ACTION ITEM: Given these entries, repeat exactly the lines starting with the one that has "Cheese Board &" and going on through the one that has "Granitinė virtuvinė plautuvė", both included, but none of the pictures.

RECORDED INFORMATION:
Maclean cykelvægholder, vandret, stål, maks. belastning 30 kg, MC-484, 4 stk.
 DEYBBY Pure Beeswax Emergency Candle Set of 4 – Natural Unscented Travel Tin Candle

...

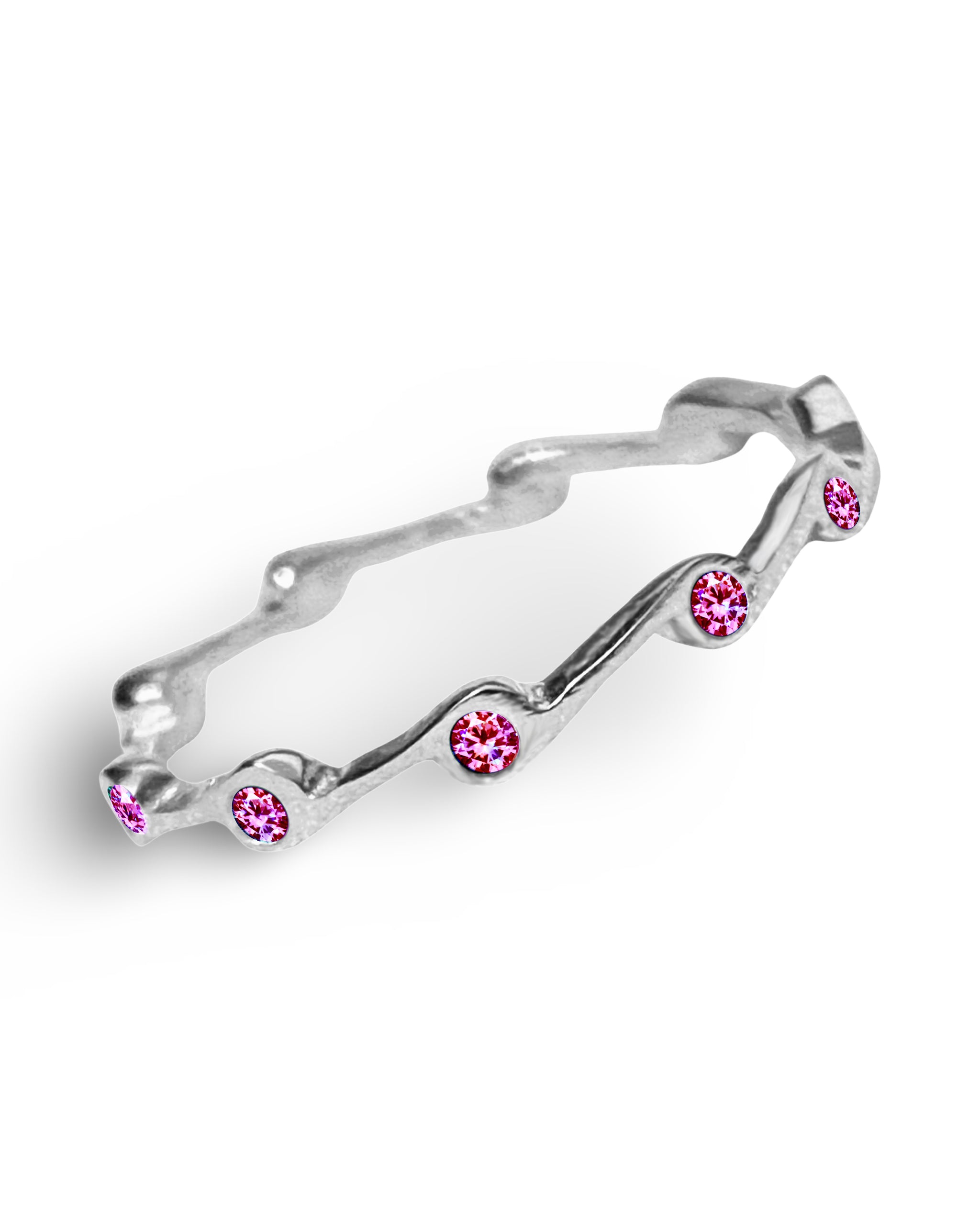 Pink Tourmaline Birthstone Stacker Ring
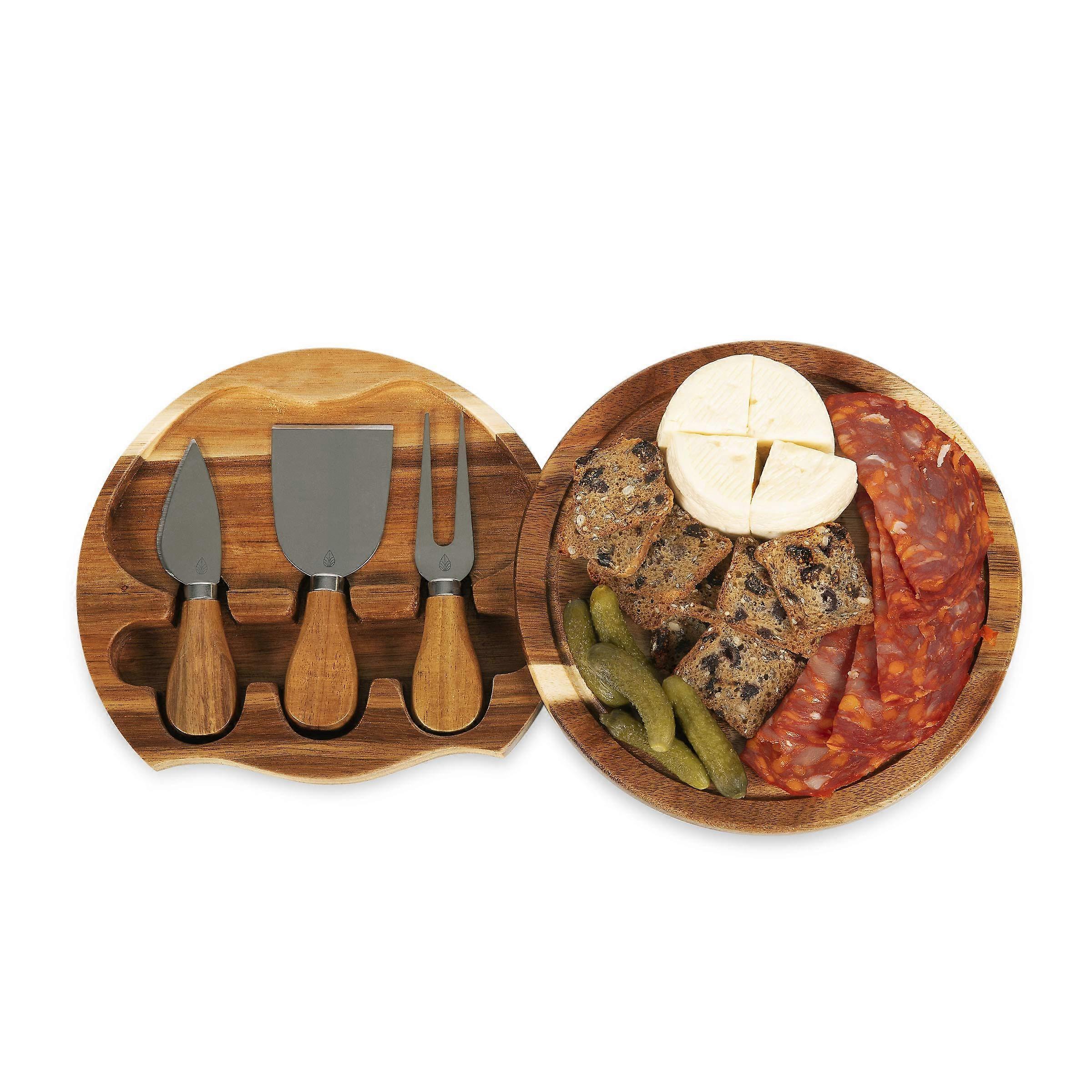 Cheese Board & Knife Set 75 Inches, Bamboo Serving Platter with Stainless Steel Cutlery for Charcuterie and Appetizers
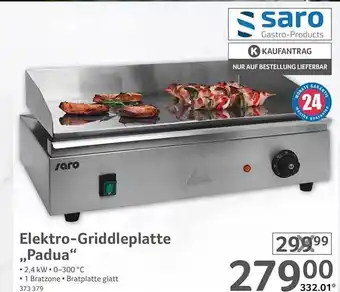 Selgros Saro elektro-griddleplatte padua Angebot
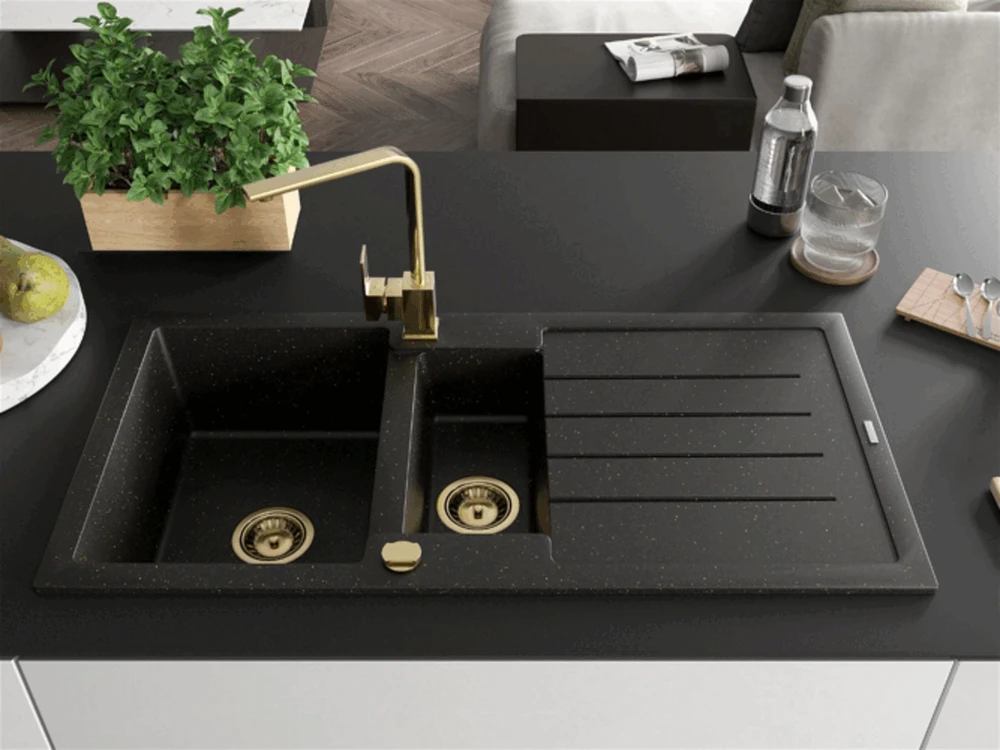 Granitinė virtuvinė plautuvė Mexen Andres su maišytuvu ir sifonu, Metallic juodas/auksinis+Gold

ANSWER TO THE PROBLEM:
 Cheese Board & Knife Set 75 Inches, Bamboo Serving Platter with Stainless Steel Cutlery for Charcuterie and Appetizers
 Selgros Saro elektro-griddleplatte padua Angebot
 Granitinė virtuvinė plautuvė Mexen Andres su maišytuvu ir sifonu, Metallic juodas/auksinis+Gold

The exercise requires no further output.